I think all four of the forementioned areas ought to be studied in tandem. I will not explain what I mean by this, except to say that the religio-politcal question as it relates to the entire human community, cross- and trans-culturally, will occupy center stage over the next few decades if not centuries, likely yielding results that we cannot now even begin to imagine. Sadly, it also seems to me that liberals and conservatives both are incredibly ignorant and regressive on the role and significance of this religious issue with regard to politics--both groups largely still stuck in their myopic mytho-ethical dogmas of days gone by. The liberals may have a slight lead here, but I have met few progressives or conservatives who even know what Natural Law, Analytical Psychology, Archetypalism and spiritual neuroscience mean.
In my opinion, I and an increasing number of independents and libertarians represent a kind of hybrid: neo-progressive conservative, or neo-conservative progressive, yet being neither, but an amalgam of both and then some beyond both groups. This position is really beyond stereotyping, but most liberals and conservatives in these days of stark political warfare cannot or will not comprehend such a slippery fish, and will feel that they have no choice but to lump independents in with the group that most resembles their vile "enemy". It seems increasingly that both republicans and democrats require vitriol in their emotional engines in order to fuel their drive to ideological conquest of the "Other". Each must vilify their archnemesis Sarah Palin or Nancy Pelosi, G.W. Bush or B. H. Obama.Both groups live in their tiny ideological ghetto of fundamentalist security.

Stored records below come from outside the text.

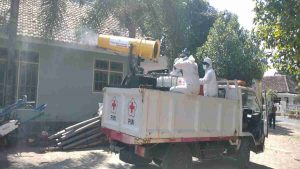 PMI Jember Lakukan Penyemprotan Disinfektan di Tempat Keramaian dan Ponpes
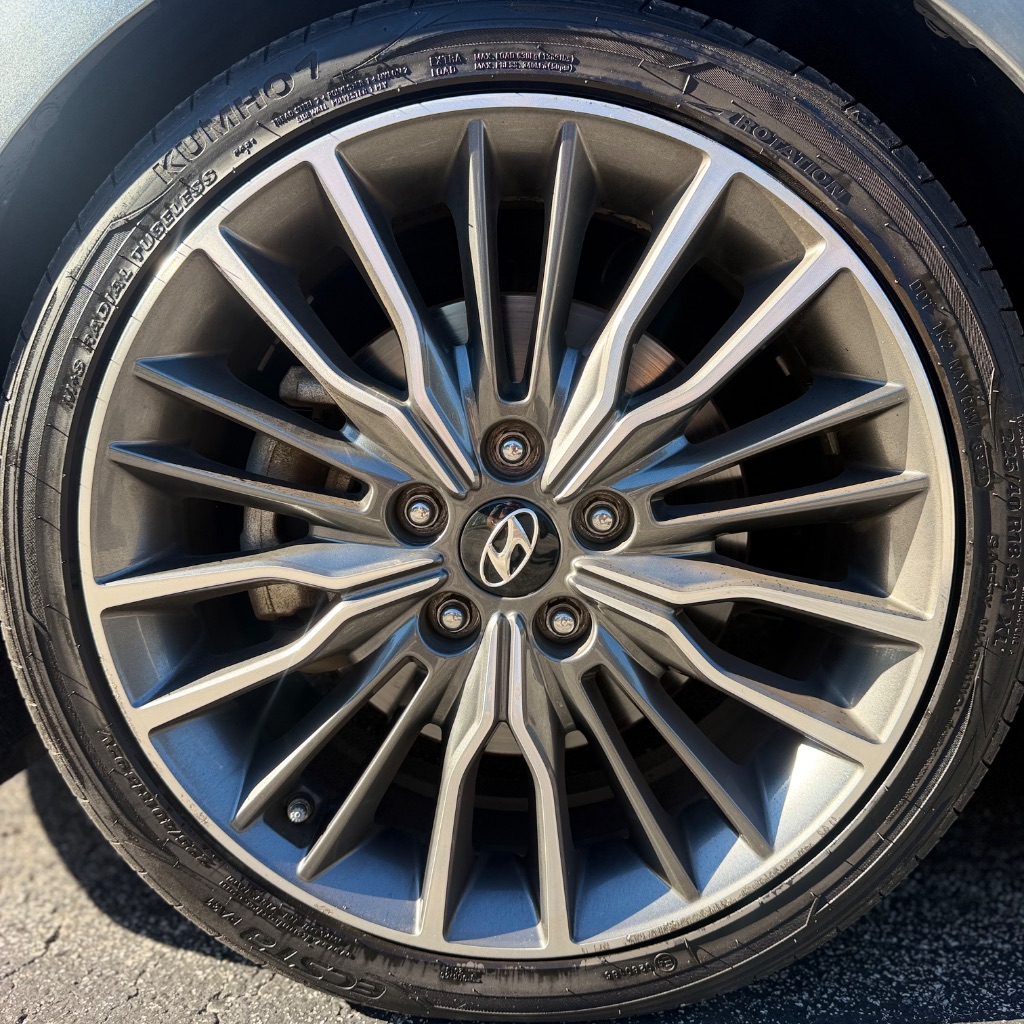 2018 Hyundai Elantra - $9,991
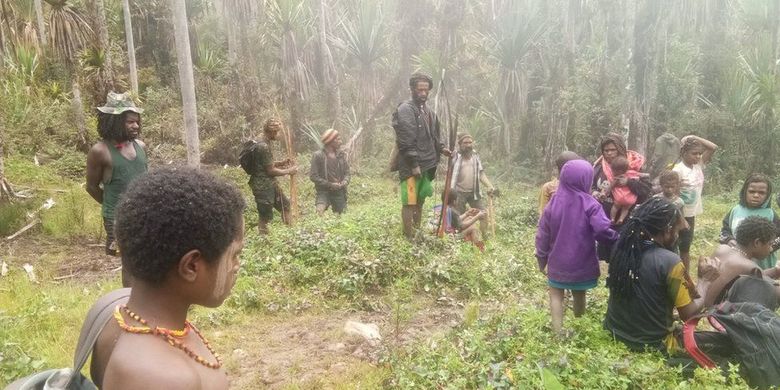 Warga Nduga dalam pelarian di hutan, menghindari kontak senjata antara TNI/Polri dan kelompok bersenjata / Jurnalis Warga Noken 
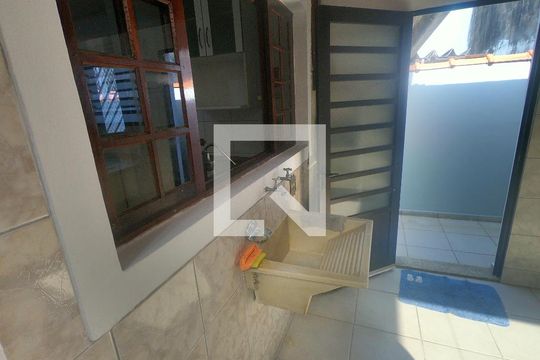 Casa à venda com 3 quartos, 150m² em Vila Harmonia, Guarulhos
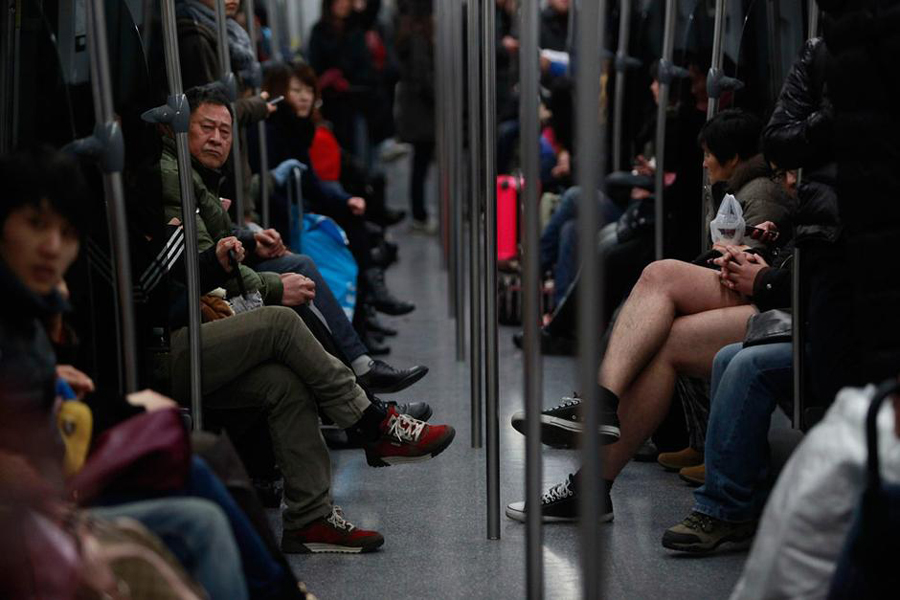 圖為地鐵內不穿褲子的外國人。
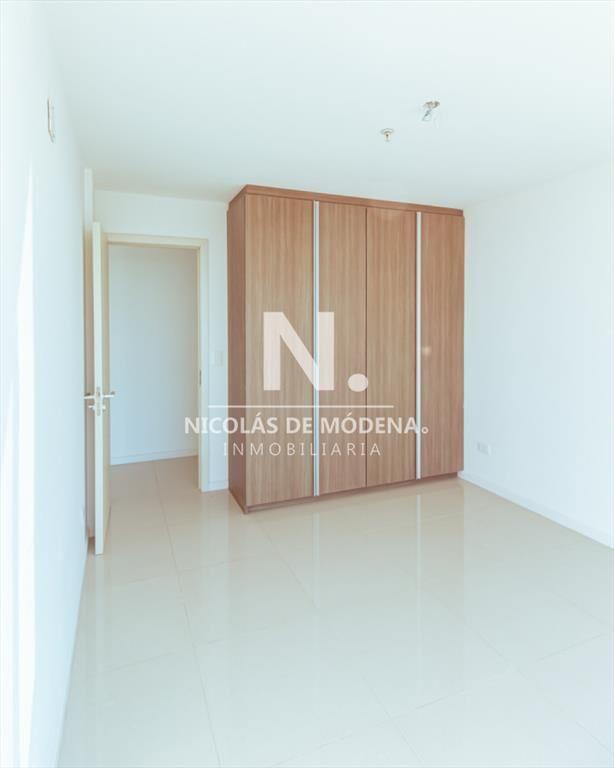 Penthouse de tres dormitorios en venta proximo al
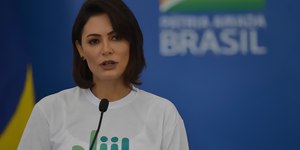Quem é Michelle Bolsonaro, candidata ao senado do DF pelo PL?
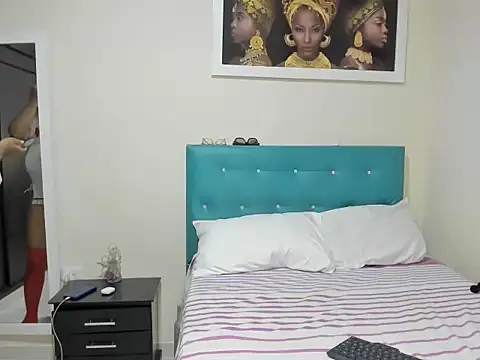 megan-hotxx online show from September 30, 2025, 2:39 am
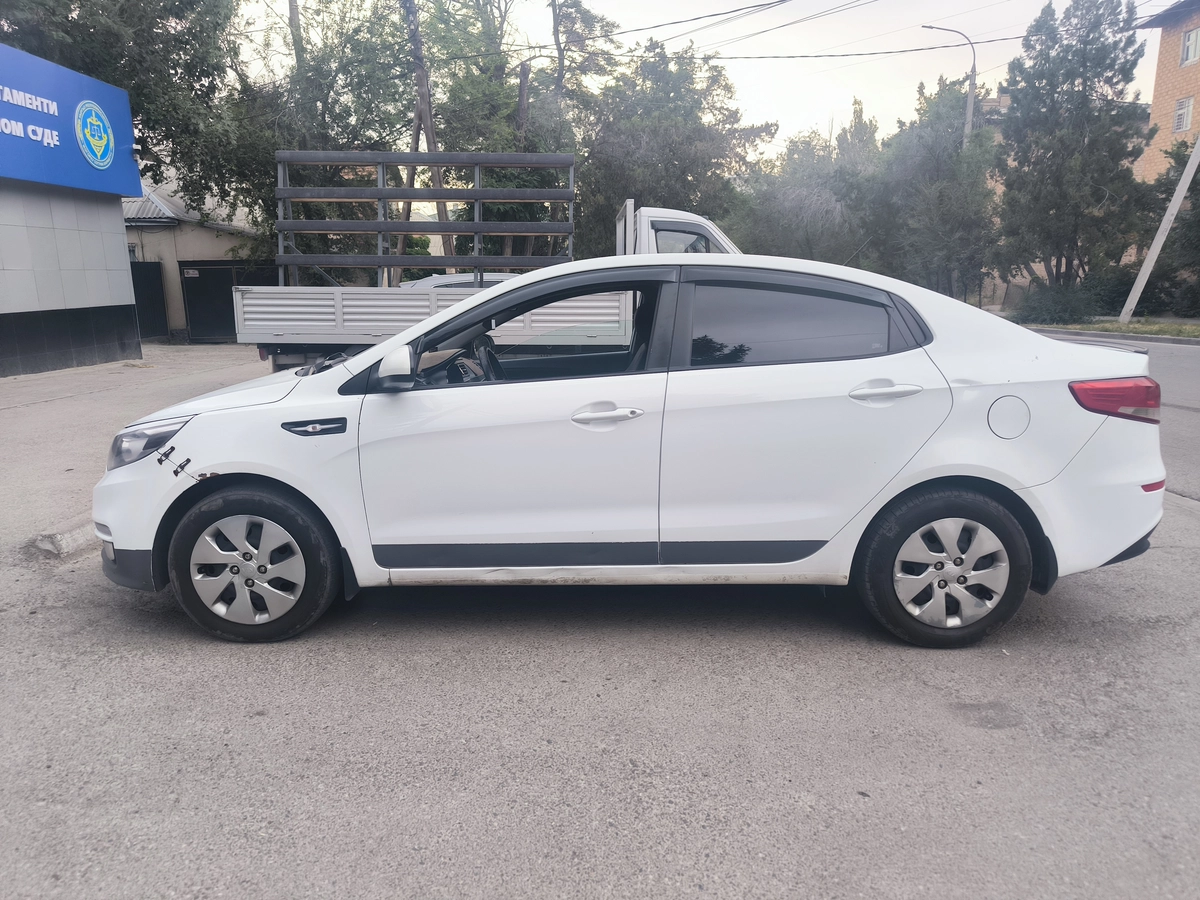 Открыть фото Kia Rio III Рестайлинг 1.6 AT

It has become a cultural cliché--but as with most good cliches, apparently unheeded--that what we need is genuine dialogue between political parties--not some new age broadmindedness without substantive content, nor a polite veneer that keeps us from really knowing what the "other" is saying--but an authentic, honest conversation which explicates deeply held convictions and the reasons for those positions. I want to know what you REALLY believe and why. That is more important to me than you sparing my feelings or injuring my self esteem. I may indeed go away wounded, offended or upset--but past experience has taught me that those experiences that disintegrate my old world in order to construct the new one are most beneficial in the long haul. I am not advocating cheap shots, ad hominem arguments or mean spirited debate--but honest, passionate exchanges salted with respect and interest toward the "other". From such interactions will come understanding and the sacred third position that neither person in the debate is capable of discovering without the "other".